Natalia Vidal, a second-year chemical and biomolecular engineering student with a materials science engineering minor, grew up with a love for science and engineering. When she was accepted to Georgia Tech, making the choice to attend was an easy decision, but covering the cost of college is something she’s been aware of from the jump. Fortunately, she started her engineering experience before she took her first college course — and found success in her scholarship search.

Vidal has long been interested in engineering and spent time as she wrapped up high school cold-calling firms in her area to see if any would take her as an intern. She knew engineering was the right path for her, but she wasn’t sure exactly what type. Mechanical, civil, and several other engineering fields floated through her head, but she finally determined that working for an engineering firm — before starting college — would help her choose the right kind of engineering for her, while helping her save for college.

Eventually, she found Grant Shepherd, a land surveying company specializing in civil engineering. That company took her on as a paid intern the summer before college.

Vidal enjoyed her time at Grant Shepherd, though she ultimately found herself drawn more to chemical and biomolecular engineering — her current major. Still, she returned to the company the following summer to continue learning, working, and saving money.

To cover some of her other fees, Vidal has been able to supplement her paid internship income with funding from the Zell Miller Scholarship and a federal Pell Grant, which is awarded to undergraduate college students who demonstrate financial need.

Similar to the research she undertook that led her to her Grant Shepherd internship, Vidal researched other scholarships that might be available to her, which helped her identify more options.

While still in high school, she participated in her school’s “Diversity Day,” and received a scholarship for an essay reflecting on her experience. More recently, she received a scholarship from Women in Engineering, an on-campus organization dedicated to recruiting and assisting top students in engineering.

To those entering Georgia Tech, Vidal emphasizes the importance of self-assurance and keeping an eye out for opporutnities.

“There’s a ton of organizations on campus, and I always try to share my email with them so I can receive updates on any scholarship opportunities they may have,” she said. “Even if it’s a scholarship you feel like you don’t have much of a shot at, applying is still always a good idea.”
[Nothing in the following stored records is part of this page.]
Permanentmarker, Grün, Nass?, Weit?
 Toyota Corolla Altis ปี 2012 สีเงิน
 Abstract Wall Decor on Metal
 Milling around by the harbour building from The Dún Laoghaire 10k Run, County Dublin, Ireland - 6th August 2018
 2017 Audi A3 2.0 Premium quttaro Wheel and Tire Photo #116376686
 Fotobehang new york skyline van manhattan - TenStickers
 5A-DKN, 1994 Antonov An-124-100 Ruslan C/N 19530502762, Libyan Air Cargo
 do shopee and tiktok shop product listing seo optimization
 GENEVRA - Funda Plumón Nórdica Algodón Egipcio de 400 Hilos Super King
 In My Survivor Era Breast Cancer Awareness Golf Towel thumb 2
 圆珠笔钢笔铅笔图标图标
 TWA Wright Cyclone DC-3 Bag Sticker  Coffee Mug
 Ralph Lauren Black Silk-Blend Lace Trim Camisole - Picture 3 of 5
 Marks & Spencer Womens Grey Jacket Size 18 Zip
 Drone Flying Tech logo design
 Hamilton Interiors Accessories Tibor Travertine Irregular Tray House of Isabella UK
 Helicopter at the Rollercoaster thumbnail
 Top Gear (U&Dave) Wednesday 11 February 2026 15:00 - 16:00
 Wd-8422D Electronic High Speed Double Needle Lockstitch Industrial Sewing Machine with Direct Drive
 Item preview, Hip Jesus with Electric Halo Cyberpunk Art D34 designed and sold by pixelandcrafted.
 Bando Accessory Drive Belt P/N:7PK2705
Vidal regrets that (thinking she wouldn’t be successful in securing internships as a first-year student) she didn’t apply to internships beyond Grant Shepherd. She notes that many of her other friends in the same year did get the internships they applied for — even as first-year students.

“I never thought that it would work out, but I know better now. You just have to believe in yourself,” she said. “You can absolutely apply for things at any point in your college career.”